29 March.

I got to take the A train, to go to sugar hill, way up in Harlem. I leap down the stairs at 14th street station, ignoring the wild brass band playing and dancing out of their skin. I got to hurry, get on, it’s coming. Listen to those rails a-thrumming all abourd. If I miss this A train, I’ll miss the quickest way to Harlem.

I change from the A to the 1 at Columbus Circle. Doors slide open, I rush aboard and sit down before an old black man in a long black rain coat with a black hat. Slightly crooked, shoulders bent inward. Wire basket cart faitfully by his side, large drawing pad on his lap. His tired eyes scan the wagon, rest on me and stay with me. He starts sketching, resolute, gaze going back and forth, his charcoal fingers choosing from dozens of black pencils. Uneasy at first – I choose a dot to fixate my gaze further down the wagon –  but more than pleasant after a few stops. Presumptuous, I know, but that’s what happens.

“You hea’ for a while?”, he asks after the sixth stop without halting his drawing.
“I need to get off at 125th street.” He nodds and draws on. But for the ceaseless a-thrumming, the wagon’s silent and its attention has two focal points. The drawer’s neighbours smile at me.

“Here”, he rips the portrait from the pad, takes a plastic FedEx envelope out of his wire cart, puts the portrait into the envelope and hands it over to me. I take the portrait out. I look like little Richard. This must be Harlem. Setting sunlight suddenly falls into the wagon. We fly over the city. A hybrid white tower – church and skyscraper at the same time, machine from the past and the far future alike – gleams orange in an immaculate blue sky. Another one of those dream scrapers.

“You have a little somethin’ for me?”, the drawer asks with just a little indignation. “Of course! I forgot!”, and I hand him five dollars. A short man with a puffy face and a little moustache sits down next to me. The drawer doesn’t complain about my stinginess and hurries to start a new portrait. “Hihihi”, the man with the moustache, clearly Jewish, giggles. “He’s got a lot of talent”, he says, “he could make a lot of money if he wanted to.”

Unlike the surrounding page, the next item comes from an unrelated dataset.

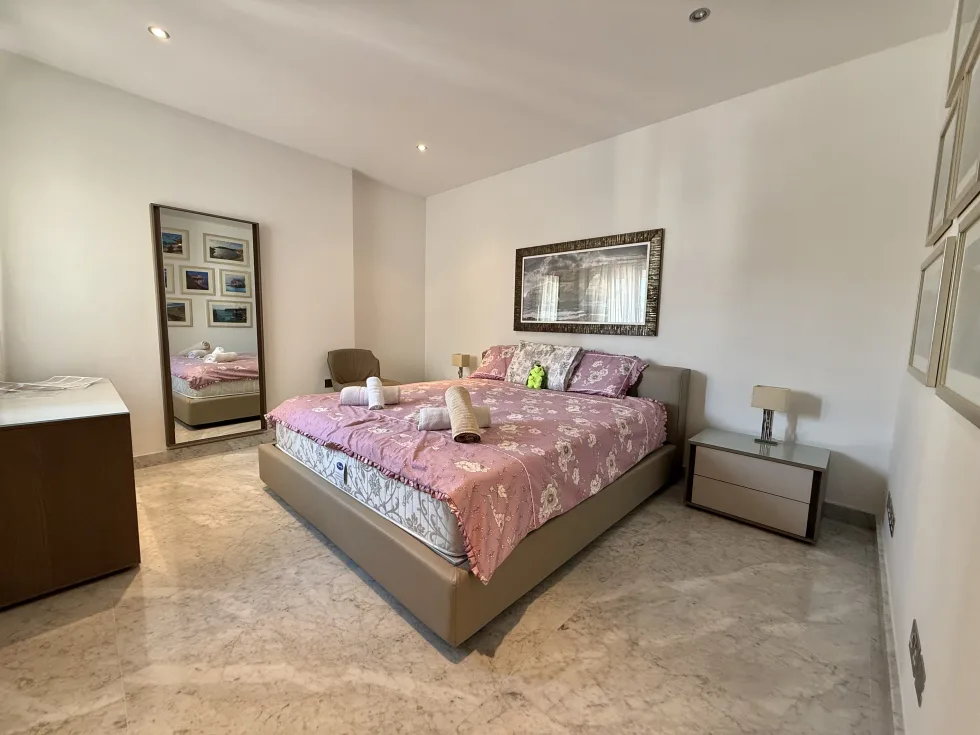 3 bed Apartment For Rent in Sliema, Sliema - thumb 9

In this light and not being the object, I can observe the drawer freely. I notice there’s a discrete pause between his observation and his sketching. In this pause, he closes his eyes and lets the impression push onto his eyes, push back his head. He opens his eyes without turning back at the object and sketches. The portrait of the man next to me is finished in less than two stops. He looks like a little piggy. Strange, considering he’s Jewish. He donates twenty dollars.

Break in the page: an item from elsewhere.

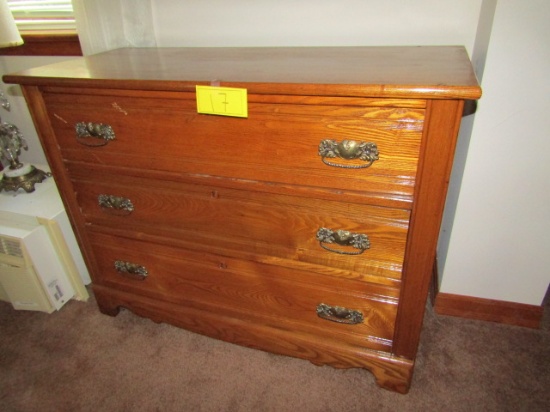 Oak Chest of Drawers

“You know, I wanna be an extreme detaillist. But at the same time I wanna go all the way backwards.” I look at him with a question mark. “To be as detailed as possible with only a few strokes. But then I need to do more of these, much more.”
He expresses the exact same issue I’m having with my work. But I don’t wanna be goin’ into that. “We all need practice”, I respond. He browses through his sketches. “This one I did yesterday.” It shows an all-American young woman with long curly hair. “Now look at this one.” The same all-American woman, looking much more like a vicious reptile this time, just by elaborating the suggestions of his first sketch. I try to suppress my laughter and he winks complicitously. “Which one you like better, huh?”

The train slows down and the doors open on a wide bridge in the sunset. This is 125th street. I wish the drawer good luck and walk down the stairs into Harlem. Wellington should be waiting for me down there.